Canadian National Railway Co. v. Royal and Sun Alliance Insurance Co. of Canada 2008 SCC 66
A recent decision of the Supreme Court of Canada has narrowed the "faulty or improper design" exclusion found in many all-risk property and builders risk insurance policies. The decision is relevant to all claims where insurers deny coverage because the loss arose from the failure of a design. In CNR, the Supreme Court of Canada created a new standard for insurers who seek to rely on the exclusion. The new standard is more favourable to insured parties than either of two standards that Canadian courts had previously applied.
In a typical all-risk property policy, all risks of direct physical loss or damage to insured property are covered, except where that loss falls within one of the specific exclusions listed in the policy. One such exclusion, known as the faulty design exclusion, excludes coverage for "the cost of making good faulty or improper design." Where a policy contains a faulty design exclusion, an insurer may deny coverage on the basis that the claimed loss is attributable to a faulty or improper design.
Before the Supreme Court of Canada's decision in CNR, Canadian courts had been inconsistent in their interpretation of "faulty or improper design." Two competing standards had emerged. In one line of cases, a design was considered faulty if it simply failed to work for its intended purpose. In a second line of cases, a design was considered faulty if it failed to provide for, and withstand, all foreseeable risks.
In CNR, the Supreme Court of Canada rejected both standards as overly broad. To rely on a faulty design exclusion, an insurer must now establish that a design fell below a "realistic" standard. Such a standard can require no more than that the design comply with the "state of the art."

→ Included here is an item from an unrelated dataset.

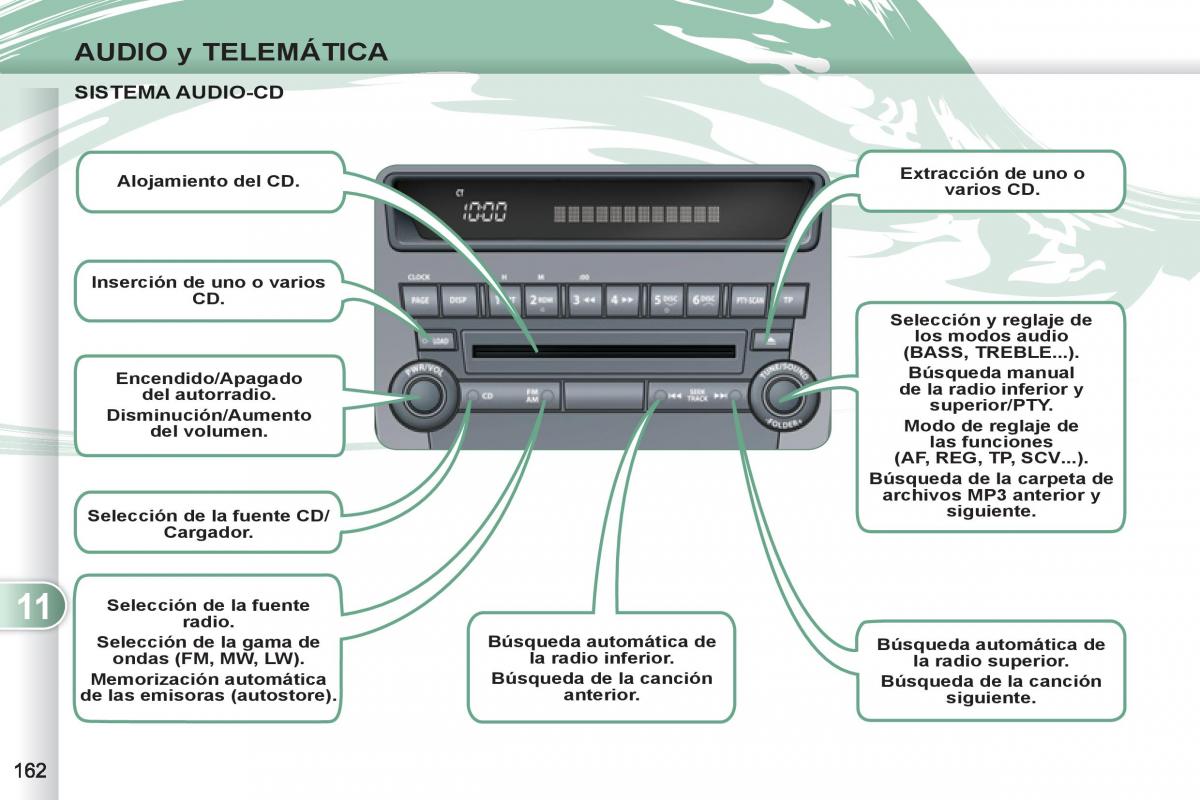 Peugeot 4007 manual del propietario / page 164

State of the art is defined as "the current stage of development of a practical or technological subject; frequently implying the use of the latest techniques in a product or activity." This does not require a design to be perfect. The Supreme Court of Canada recognized that there is an inevitable gap between the current state of engineering knowledge and omniscience. The fact that an unseen risk is later made visible with the benefit of hindsight does not render a design faulty or improper. An industry standard, however, will not necessarily meet the state of the art. Citing Vancouver's leaky condo epidemic as an example, the Supreme Court of Canada recognized that the industry standard may be affected by contractors and designers cutting corners to save costs.
The facts of the CNR case can be stated simply. In the early 1990s, CNR commissioned the design of the largest customized tunnel boring machine of its kind in the world to facilitate the building of an underwater railway tunnel between Ontario and Michigan. In designing the machine, CNR engineers anticipated that it would have to withstand 6,000 metric tonnes of pressure from the weight of soil and water above it. The machine was designed to accommodate those pressures according to the "state of the art" at the time. Nevertheless, the machine failed when dirt entered its internal chambers. CNR lost more than $20 million as a result of repair costs and project delays. CNR claimed its losses under its all-risks insurance policy but was denied coverage on the basis of the faulty design exclusion.

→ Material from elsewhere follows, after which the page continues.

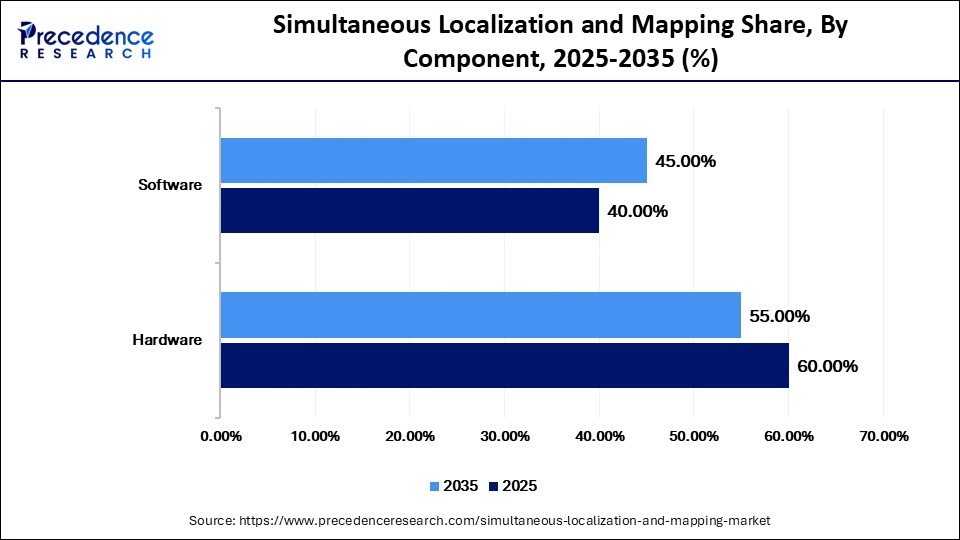 Simultaneous Localization and Mapping Share, By Component, 2025-2035 (%)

The Supreme Court of Canada found that CNR's losses were not caused by faulty or improper design. The tunnel boring machine had been designed to state of the art specifications at the time. The failure to address a risk that only became known with the benefit of hindsight did not render the design faulty. The damages caused by the design failure were, therefore, properly covered by the insurance policy.
The CNR decision affects all policy holders who suffer a loss which the insurer attributes to a failed design. In such cases, the insurer will invariably deny coverage on the basis of the faulty design exclusion. The law is now clear that a design will not be considered faulty simply because it failed to work for its intended purpose or because it failed to withstand all foreseeable risks. A design will only be considered faulty if it did not meet the standard set by the state of the art at the time.
Policy holders should be aware that many all-risk property policies contain an exception to the faulty design exclusion, called the "resultant damage" or "ensuing loss" exception. Under the exception, even if an insurer is able to establish that a design is faulty, coverage may still be available for losses to insured property that can be characterized as separate and distinct from the "thing" that was faultily designed.
The scope of coverage available under any policy is determined by the specific language in the contract, as negotiated between you and your insurance company. Not all policies are written in the same manner. Although court decisions, such as CNR, are helpful in interpreting the limits of similarly worded policy provisions, coverage under each policy should be considered on a case-by-case basis. In addition, policy holders should keep in mind that future insurance contracts may be adjusted in reaction to court decisions, such as CNR, or to any other changes in the law as they occur.
The content of this article is intended to provide a general guide to the subject matter. Specialist advice should be sought about your specific circumstances.